Globally, happiness and rich can mean entirely different things than they mean in the U.S.A. In general, countries around the world measure how well society is doing by how much one earns, how many electronics are sold, and how many homes are built. That’s HOW WELL THEY”RE DOING, not how happy they are. Happiness means many things to many people. Enter, happiness initiatives, federally-funded studies that measure happiness.
According to Gallup, U.S. wealth per capita has soared in recent years, but Americans aren’t necessarily any happier than before. Columbia University’s “World Happiness Report” did find that higher incomes do indeed boost joy in poor countries, but in richer nations, more money made a small impact on one’s happiness. Political freedom, social support, job security, health and stable families meant more across the board.

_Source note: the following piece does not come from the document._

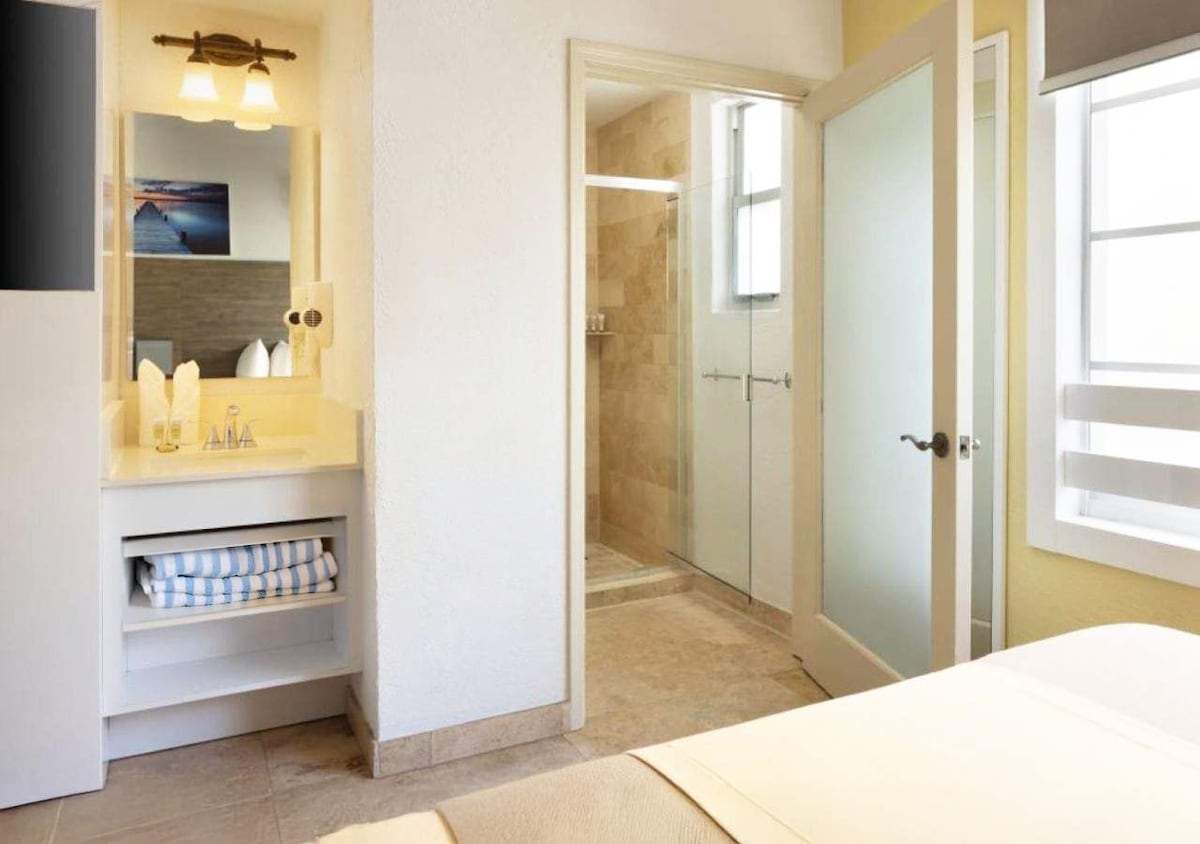Ocean Drive Suite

“Happiness is a place between too much and too little.” Finnish proverb
So just where are the happiest people in on Earth…literally? Of the 156 countries studied, Denmark, Finland, Norway, the Netherlands and Canada ranked highest. Looks like we all need to move to Scandinavia! The U.S. ranked 11th highest, proving that although it is the richest country, it’s by no means the happiest. Yep, “someone else is happy with less than what you have” seems more than appropriate here.
Maybe that’s the secret. The more we think we’re happy, the happier we might be. I like it. After all, if we aren’t grateful for what we already have, what makes us think we will be happier with more or something different? Today, I will choose joy and live by what Dale Carnegie said, “Happiness doesn’t depend on who you are or what you have, it depends solely on what you think.”
Think happy thoughts friends and have a happy day!